「ヒューゴの不思議な発明」見たよ


1930年代のフランス・パリ。父を火事で亡くし、パリ駅の時計台に隠れて暮らす少年・ヒューゴ(エイサ・バター・フィールド)にとっての唯一の友達は、父が遺した壊れたままの“機械人形”だった。その秘密を探るうちに、ヒューゴは機会人形の修理に必要なハート型の鍵を持った少女・イザベル(クロエ・グレース・モレッツ)と、過去の夢を捨ててしまった老人・ジョルジュ(ベン・キングスレー)に出会う。機械人形には、それぞれの人生と世界の運命を変えてしまう秘密のメッセージが隠されていることを知るヒューゴ。いま、ヒューゴの世界を修理するための冒険が始まる――。

『ヒューゴの不思議な発明』作品情報 | cinemacafe.net

TOHOシネマズ宇都宮で観てきました。


傑作であることはうたがいようがない作品でしたが、思っていたほど揺さぶられるシーンもなくて少々拍子抜けしたというのが率直な感想でした。

予告が素晴らし過ぎて期待が高まり過ぎたのか、もしくは仕事上がりでちょっと眠かったのがよくなかったのかも知れません。映像の美しさと魅力的な登場人物には傑作のにおいを感じましたが、ストーリーはバラバラと散らばっていた印象を受けたし作品全体としては期待していたほど楽しめませんでした。


思うに、作品に対する期待値が高過ぎたのかなとは思うんですよね...。予告なんかほんとすばらしかったですもん。

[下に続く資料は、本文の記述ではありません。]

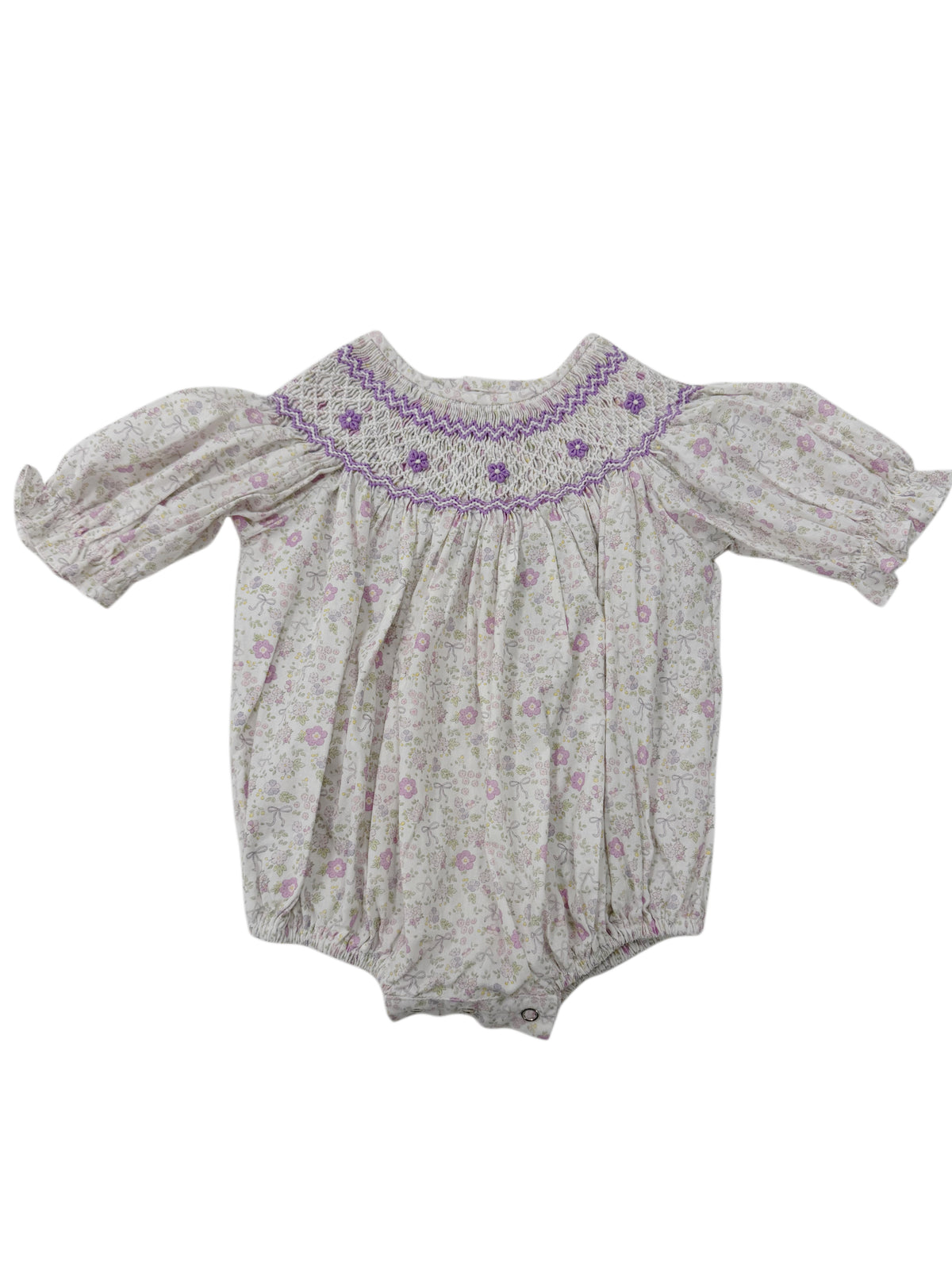 Ashley Purple Bow Smocked Bubble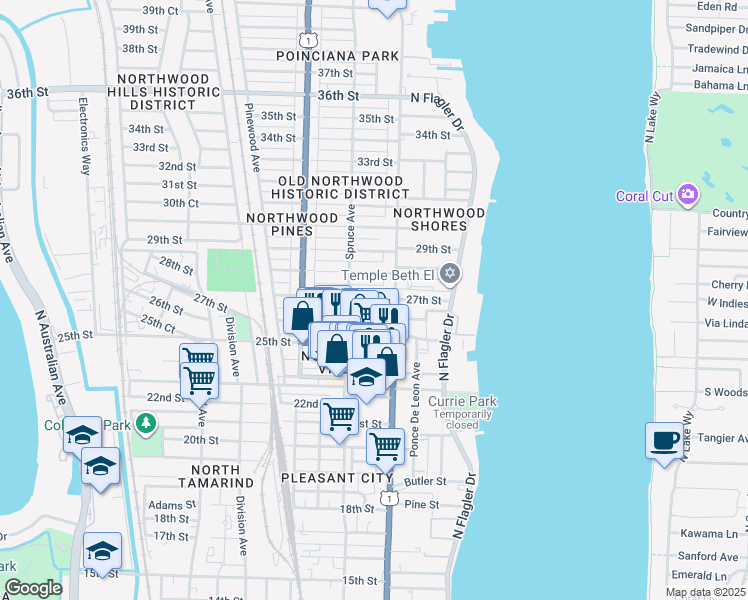 map of restaurants, bars, coffee shops, grocery stores, and more near 411 26th Street in West Palm Beach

先が読めないし気になるストーリー(悪く言えばとりとめのないお話と言い換えることも出来ますが)は常に次の展開への期待を煽ってくれたし、観る人を惹きつけてやまない美しい映像はこれが実写であることを忘れそうになるほどすばらしかったです。


ですが、一方では観ていてもまったく心が動かない部分も多くて、例えば亡き父が残した機械仕掛けの人形の意味や意図を探ろうというところはいっさい惹かれなかったんですよね。じゃあ亡き父の形見から声なき声を見つけようとするとシチュエーションに興味がないのかというとそんなことはなくて、先日観たばかりの「ものすごくうるさいけど、ありえないほど近い」もとても似た状況で物語がつづられるのですがそちらはすごくグッときたし、感情が揺さぶられたんですよね。

「ものすごくうるさいけど、ありえないほど近い」の方が設定も演出もわたし好みだっただけに、どこかでこの作品と比べて劣る部分にがっかりして楽しめなかったのかも知れないし、そうだとしたらちょっともったいない見方をしちゃったなーとひとりでテヘペロしちゃいました。


ちなみにわたしがいちばん好きなシーンは、クロエたん演じるイザベルが汽車から降りてくる人たちに踏まれそうになって大声でヒューゴに助けを求めるシーンです。

どういうシーンなのかもう少し詳しく説明をすると、駅の人ごみの中をスタスタと進んでいくヒューゴをイザベルが追いかけていくのですが、ちょうど汽車から大人たちが降りてきてしまったためにその人の流れとは逆向きにすすむことになってしまい、イザベルは思うように進むことができなくなってしまいます。そしてついにはつまづいて転んでしまうのですが、彼女が転んでいるのにだれも気付かないのかそれともそんなのはおかまいなしなのか転んでいるそばを通り過ぎていこうとする大人たちの迫力に恐怖したクロエたんがヒューゴの名を叫ぶというシーンです。

ここからがうまくまとまらないのですが、このシーンがわたしの中にあるいつかの記憶とものすごく符合していて、ただそれはまったく同じような経験をしたというわけではなくて、もう少しメタなレベルで一致するなにかがあるという幹事なのです。

その一致するものがなんなのかはわからないのですが、そういった体験そのものを映像をとおして記憶にかぶせてくるという経験をこのシーンで生まれて初めてしました。


あと画的にいちばん好きなのはサシャ演じる警官が花屋のお姉さんに初めて話しかけようとするシーンで二人が花を背景に立っている風景を真正面からとらえているシーンがあったのですがすごくきれいでドキッとしたんですよね。そう感じた理由がいまでもぜんぜんわからないのですが、胸を撃ち抜かれたときのような*1衝撃を鮮烈におぼえています。


「体調が万全ではなかった」とか「3Dで観なかった」という楽しめなかった理由というか要因がいくつか思い当たるので、来週あらためて3Dで観に行こうと思います。そこで楽しめなかったらもうあきらめます。